Protests turn deadly
“Sadly though, this believer’s hopes are being shattered,” Open Doors Africa representative said. “Distressing news out of Sudan this morning that since the military seized power from the transitional government yesterday, they have killed at least three people and wounded 80 as street protests broke out against the takeover.”
Reportedly, thousands of protesters poured into the streets of the capital city, Khartoum, and its twin city of Omdurman.
The leader of the takeover, General Abdel Fattah al-Burhan, dissolved the military-civilian Sovereign Council that had been set up to guide the country toward democracy following the overthrow of longtime dictator Omar al-Bashir two years ago.

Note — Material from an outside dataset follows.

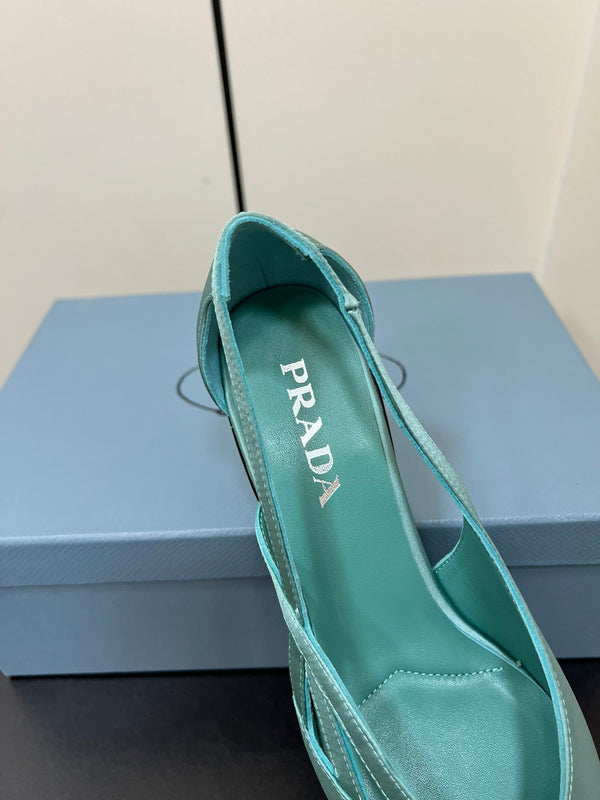 BALLERINE CON TAGLI IN RASO BLU TURCHESE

Al-Burhan, who also heads the power-sharing governing council, declared a state of emergency across the country, saying the armed forces needed to ensure safety but promised to hold elections in July 2023 and hand over control to an elected civilian government then.
“What the country is going through now is a real threat and danger to the dreams of the youth and the hopes of the nation,” he announced to the country. Prime Minister Hamdok has been moved to an undisclosed location after refusing to issue a statement in support of the coup, the information ministry said.
‘Grave consequences’ for the church
The coup comes two years after the ousting of longtime dictator Hassan al Bashir and only a year after the civilian-led government ended 30 years of Islamic law, including the death penalty and prosecution for apostasy (leaving Islam to convert to another religion).
Open Doors’ director for the work in East Africa, Yasin A, said the news of the takeover was very disturbing. “The country has come a long way since Bashir’s rule was ended. The risk of a military takeover will be a step backwards with potentially grave consequences for the church.”
The Associated Press reports that the arrests come “after weeks of rising tensions between Sudan’s civilian and military leaders. A failed coup attempt in September fractured the country along old lines, pitting more conservative Islamists who want a military government against those who toppled the previous dictator Hassan al-Bashir more than two years ago in mass protests.”
The international community has been quick to respond to the takeover. UN Secretary-General Antonio Guterres denounced the military takeover and called for leaders to be freed: “I condemn the ongoing military coup in Sudan,” he said.
The U.S. embassy in Khartoum issued a statement saying: “We call on all actors who are disrupting Sudan’s transition to stand down and allow the civilian-led transitional government to continue its important work to achieve the goals of the revolution.”
The United Kingdom’s Africa minister Vicky Ford described the coup was an “unacceptable betrayal of the Sudanese people and their democratic transition.” She urged security forces to release Prime Minister Hamdok and other civilian leaders.
Open Doors’ Yasmin A. sent out an urgent request for prayer: “We call on Christians around the world to join us in praying for Sudan at this time.”